Extract values that satisfy a condition from numpy array

Question

Say I have the following arrays:

a = np.array([1,1,1,2,2,2])
b = np.array([4,6,1,8,2,1])

Is it possible to do the following:

a[np.where(b>3)[0]]
#array([1, 1, 2])

Thus select values from a according to the indices in which a condition in b is satisfied, but using exclusively np.where or a similar numpy function?

In other words, can np.where be used specifying only an array from which to get values when the condition is True? Or is there another numpy function to do this in one step?

Answer 1

Yes, there is a function: numpy.extract(condition, array) returns all values from array that satifsy the condition.

There is not much benefit in using this function over np.where or boolean indexing. All of these approaches create a temporary boolean array that stores the result of b>3. np.where creates an additional index array, while a[b>3]and np.extract use the boolean array directly.

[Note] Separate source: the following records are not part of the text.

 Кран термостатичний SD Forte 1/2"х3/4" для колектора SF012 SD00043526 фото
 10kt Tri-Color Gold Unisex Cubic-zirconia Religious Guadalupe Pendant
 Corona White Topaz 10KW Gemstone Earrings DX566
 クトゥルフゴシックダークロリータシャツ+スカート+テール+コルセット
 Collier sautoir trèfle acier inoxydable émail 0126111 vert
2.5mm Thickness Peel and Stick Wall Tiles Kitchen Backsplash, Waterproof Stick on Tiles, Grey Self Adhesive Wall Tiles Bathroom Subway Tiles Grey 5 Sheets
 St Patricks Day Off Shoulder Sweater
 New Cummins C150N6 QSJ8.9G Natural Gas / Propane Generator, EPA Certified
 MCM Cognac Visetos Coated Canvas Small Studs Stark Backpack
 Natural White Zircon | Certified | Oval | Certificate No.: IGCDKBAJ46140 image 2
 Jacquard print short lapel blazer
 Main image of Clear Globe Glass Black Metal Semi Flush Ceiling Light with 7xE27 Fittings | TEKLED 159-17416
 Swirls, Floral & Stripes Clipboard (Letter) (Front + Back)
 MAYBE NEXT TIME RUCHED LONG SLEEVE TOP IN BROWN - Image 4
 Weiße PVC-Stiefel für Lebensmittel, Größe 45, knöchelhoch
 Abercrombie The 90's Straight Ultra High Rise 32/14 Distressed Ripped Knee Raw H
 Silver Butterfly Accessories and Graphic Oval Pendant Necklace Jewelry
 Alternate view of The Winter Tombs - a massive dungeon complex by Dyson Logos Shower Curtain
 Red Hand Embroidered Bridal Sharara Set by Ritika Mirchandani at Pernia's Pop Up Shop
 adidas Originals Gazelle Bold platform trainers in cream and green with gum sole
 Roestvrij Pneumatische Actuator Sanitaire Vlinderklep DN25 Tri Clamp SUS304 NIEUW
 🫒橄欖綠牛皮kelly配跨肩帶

Personally, I would use a[b>3] because it is the tersest form.

Answer 2

Let's use list comprehension to solve this -

a = np.array([1,1,1,2,2,2])
b = np.array([4,6,1,8,2,1])
indices = [i for i in range(len(b)) if b[i]>3]  # Returns indexes of b where b > 3 - [0, 1, 3]
a[indices]
    array([1, 1, 2])

Answer 3

Just use boolean indexing.

>>> a = np.array([1,1,1,2,2,2])                                                                                                   
>>> b = np.array([4,6,1,8,2,1])                                                                                                   
>>>                                                                                                                               
>>> a[b > 3]                                                                                                                      
array([1, 1, 2])

b > 3 will give you array([True, True, False, True, False, False]) and with a[b > 3] you select all elements from a where the indexing array is True.